It’s very easy to gain back body fat when you cease to exercise anymore. You begin to notice changes in your body, as the days and weeks increase. Not only is the outside liable to become effected by this, there is also the internal changes, such as cardiovascular and muscular conditioning.
Calories in, to calories burnt
The main reason why a lot of people begin to put on body fat after they cease exercising, is that they refuse to understand their previous intake of calories will not be supported with there now, lack of activity. If the activity diminishes, so should the calorie consumption to cause balance of intake to energy expenditure.
Diminishment of metabolism
Don’t forget that when you stop exercising, your muscles begin to shrink. This is called anthropy. Muscles need tension and stress to keep growing and developing. The loss in muscle mass makes room for more fat stores on the body. This will develop into a more softer, loose look, rather than the toned and conditioned body. Muscle does not turn into fat. Fat does in fact accumulate around the muscles you do have.
From this you can begin to understand that training enhances our metabolism, and when we stop exercising, we lower our metabolism flexibility, making it easier to gain body fat (if we keep consuming the same amount of calories)

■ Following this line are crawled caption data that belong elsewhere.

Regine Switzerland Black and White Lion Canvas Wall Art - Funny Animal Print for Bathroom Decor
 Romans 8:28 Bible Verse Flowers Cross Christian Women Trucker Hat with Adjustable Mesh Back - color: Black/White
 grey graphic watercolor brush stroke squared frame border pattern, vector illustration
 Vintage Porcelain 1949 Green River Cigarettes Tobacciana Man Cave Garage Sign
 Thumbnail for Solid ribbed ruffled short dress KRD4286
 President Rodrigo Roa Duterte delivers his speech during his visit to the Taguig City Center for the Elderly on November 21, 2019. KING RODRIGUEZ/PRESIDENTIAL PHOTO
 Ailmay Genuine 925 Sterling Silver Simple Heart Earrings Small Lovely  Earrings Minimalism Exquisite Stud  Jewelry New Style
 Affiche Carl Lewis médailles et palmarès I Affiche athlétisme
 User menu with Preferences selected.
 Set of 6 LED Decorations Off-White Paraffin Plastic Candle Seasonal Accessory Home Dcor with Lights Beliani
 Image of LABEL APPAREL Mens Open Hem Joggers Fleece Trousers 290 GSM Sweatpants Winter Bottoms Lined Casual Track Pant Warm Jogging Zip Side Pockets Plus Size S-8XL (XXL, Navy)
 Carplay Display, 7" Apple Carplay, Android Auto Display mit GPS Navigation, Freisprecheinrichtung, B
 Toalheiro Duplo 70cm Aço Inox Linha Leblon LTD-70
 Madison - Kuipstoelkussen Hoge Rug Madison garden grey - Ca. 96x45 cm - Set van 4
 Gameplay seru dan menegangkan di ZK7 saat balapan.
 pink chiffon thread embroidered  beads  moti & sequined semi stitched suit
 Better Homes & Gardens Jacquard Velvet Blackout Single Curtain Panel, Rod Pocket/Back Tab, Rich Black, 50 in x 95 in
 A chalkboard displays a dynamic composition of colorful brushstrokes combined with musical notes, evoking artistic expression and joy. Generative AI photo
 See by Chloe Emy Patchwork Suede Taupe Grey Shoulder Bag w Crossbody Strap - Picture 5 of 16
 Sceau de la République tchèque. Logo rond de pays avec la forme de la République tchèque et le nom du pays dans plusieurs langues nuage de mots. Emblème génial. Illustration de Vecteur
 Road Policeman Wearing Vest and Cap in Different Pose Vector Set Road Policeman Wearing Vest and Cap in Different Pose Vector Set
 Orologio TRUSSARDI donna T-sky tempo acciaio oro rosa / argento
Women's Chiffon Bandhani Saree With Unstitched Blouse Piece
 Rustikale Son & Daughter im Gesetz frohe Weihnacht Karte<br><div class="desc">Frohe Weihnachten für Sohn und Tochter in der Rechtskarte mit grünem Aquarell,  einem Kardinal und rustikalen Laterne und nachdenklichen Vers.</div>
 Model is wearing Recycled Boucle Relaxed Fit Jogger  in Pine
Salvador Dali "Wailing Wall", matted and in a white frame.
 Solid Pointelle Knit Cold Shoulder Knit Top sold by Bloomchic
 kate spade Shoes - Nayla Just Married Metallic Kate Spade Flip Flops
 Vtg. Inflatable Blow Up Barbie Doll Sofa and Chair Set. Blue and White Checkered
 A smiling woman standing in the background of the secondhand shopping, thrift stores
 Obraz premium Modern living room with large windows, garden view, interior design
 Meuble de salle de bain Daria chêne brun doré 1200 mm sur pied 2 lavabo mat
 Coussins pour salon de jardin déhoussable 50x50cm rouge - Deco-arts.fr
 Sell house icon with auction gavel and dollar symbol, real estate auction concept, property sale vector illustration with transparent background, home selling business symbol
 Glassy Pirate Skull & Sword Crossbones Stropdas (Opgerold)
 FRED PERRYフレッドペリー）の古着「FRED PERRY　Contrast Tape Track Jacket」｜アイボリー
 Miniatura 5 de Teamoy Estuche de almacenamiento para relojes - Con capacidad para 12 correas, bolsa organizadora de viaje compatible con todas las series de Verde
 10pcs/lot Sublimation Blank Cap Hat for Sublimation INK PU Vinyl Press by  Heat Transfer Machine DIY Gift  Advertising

Your cardiovascular conditioning will be compromised
Any kind of conditioning, even when it’s lifting weights, increases our cardiovascular conditioning. When we stop and become a lot more sedentary, we begin to find walking at a faster pace, or even running, a lot more challenging and unsustainable than what it used to be. This is quite heartbreaking for those who have spent many years conditioning themselves for marathons, strong men competitions, and even regular strength training regimes.
The good news is, we all have muscle memory. That means, when we begin to start exercising once again, our strength and muscle mass develops at an even faster rate, getting us back to our baseline, and having to work less hard for it.
Bye bye to your muscular gains
Not only will you lose muscle mass, but also bone density, muscular strength, endurance and training adaptations. One good thing is that strength gains take longer to disappear than aerobic. The constant under-usage of muscles will further decrease their capacity to respond, therefore eventually diminishing.
Long term disadvantage
It is no secret that exercise on a daily basis is essential for good health and longevity. You will be doing yourself a large health disservice if you do not take part in even some form of low impact exercise. It’s encouraged that you perform at least 30 minutes, on a daily basis of either walking, or some very light weight training techniques. If this is due to the need of exercise induced injury, still try to include something. Yoga, pilates and meditation could be very good for your mindset and flexibility.
In summary
Do try to implement some exercise on a daily basis. Proper strength training programs can completely alter your body composition in the shortest time possible. Yes it’s challenging, but all good things come from doing those hard task, and it makes it all the more worth it long term.